> _WORK ORDER_
Could you give back exactly the lines below from the one with "Search for animal cookies clothing Cute" through the one with "Candeeiro teto EGLO 901238 MACCHIONI", without a single picture?
(ENTRIES SHOWN)
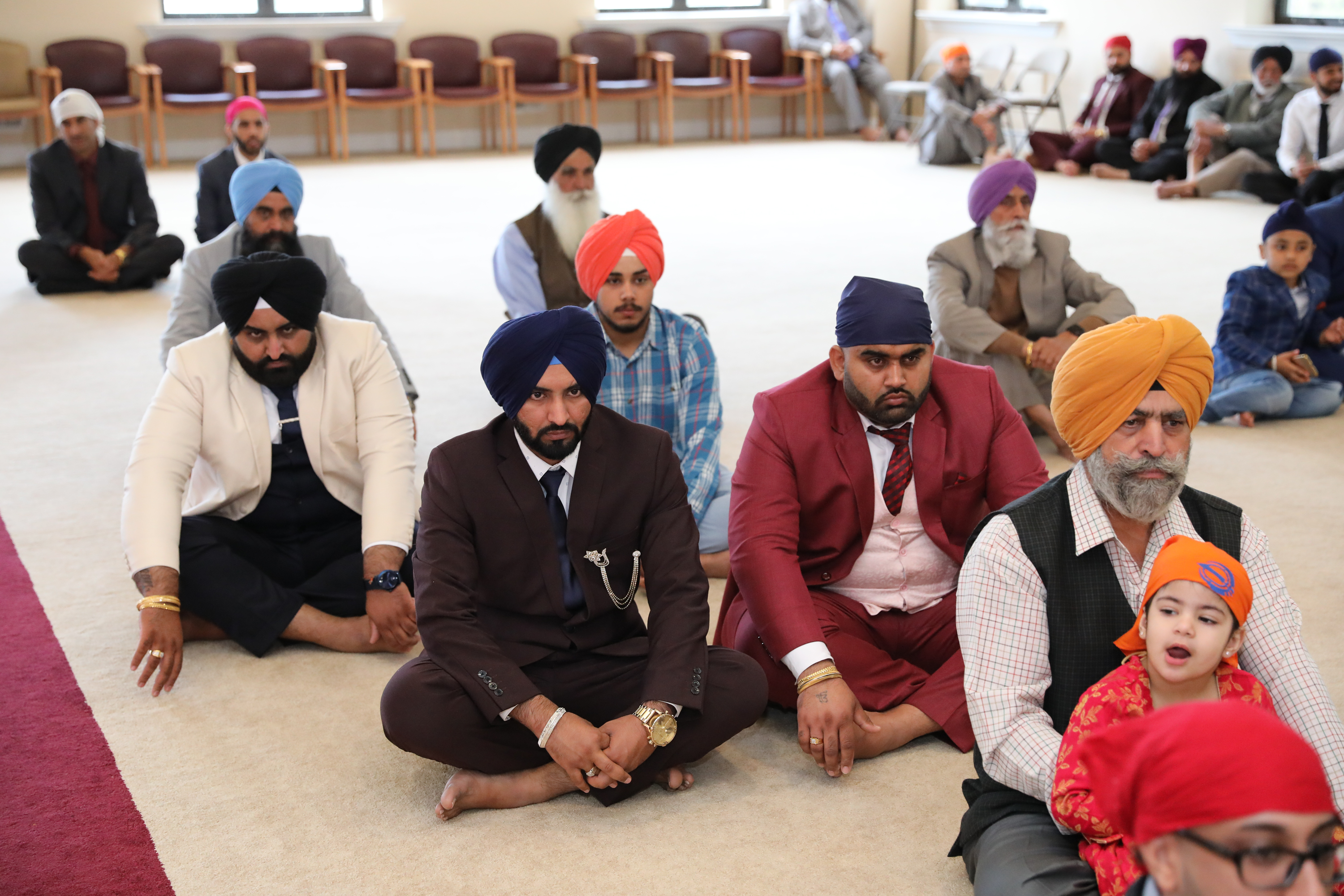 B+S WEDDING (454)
(End ENTRIES SHOWN)
(ENTRIES SHOWN)
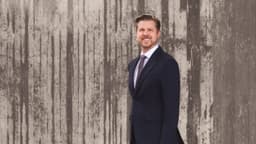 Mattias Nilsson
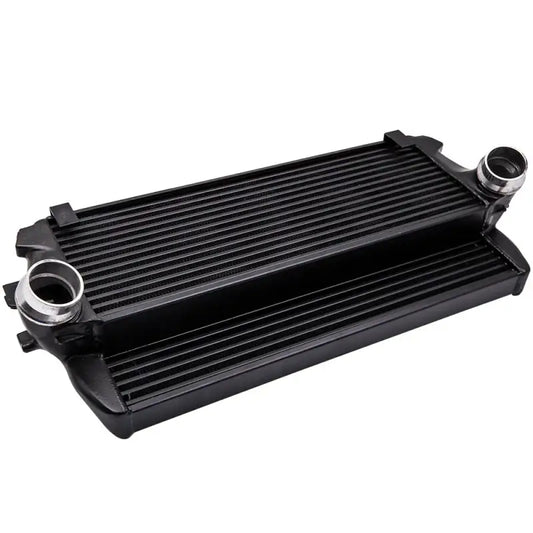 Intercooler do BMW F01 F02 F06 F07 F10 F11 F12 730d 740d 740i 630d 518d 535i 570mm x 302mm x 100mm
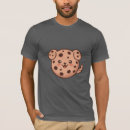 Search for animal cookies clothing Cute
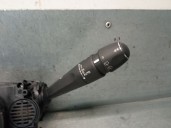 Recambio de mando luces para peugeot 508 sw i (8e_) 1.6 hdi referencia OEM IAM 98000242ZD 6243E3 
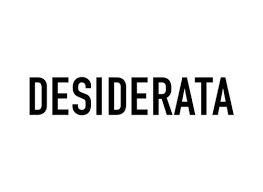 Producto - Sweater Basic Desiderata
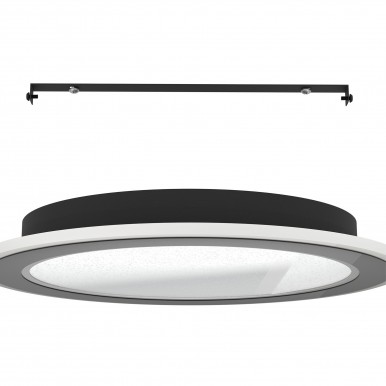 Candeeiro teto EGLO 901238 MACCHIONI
(End ENTRIES SHOWN)
> _OUTPUT FOR THIS EXERCISE_
 Search for animal cookies clothing Cute
 Recambio de mando luces para peugeot 508 sw i (8e_) 1.6 hdi referencia OEM IAM 98000242ZD 6243E3 
 Producto - Sweater Basic Desiderata
 Candeeiro teto EGLO 901238 MACCHIONI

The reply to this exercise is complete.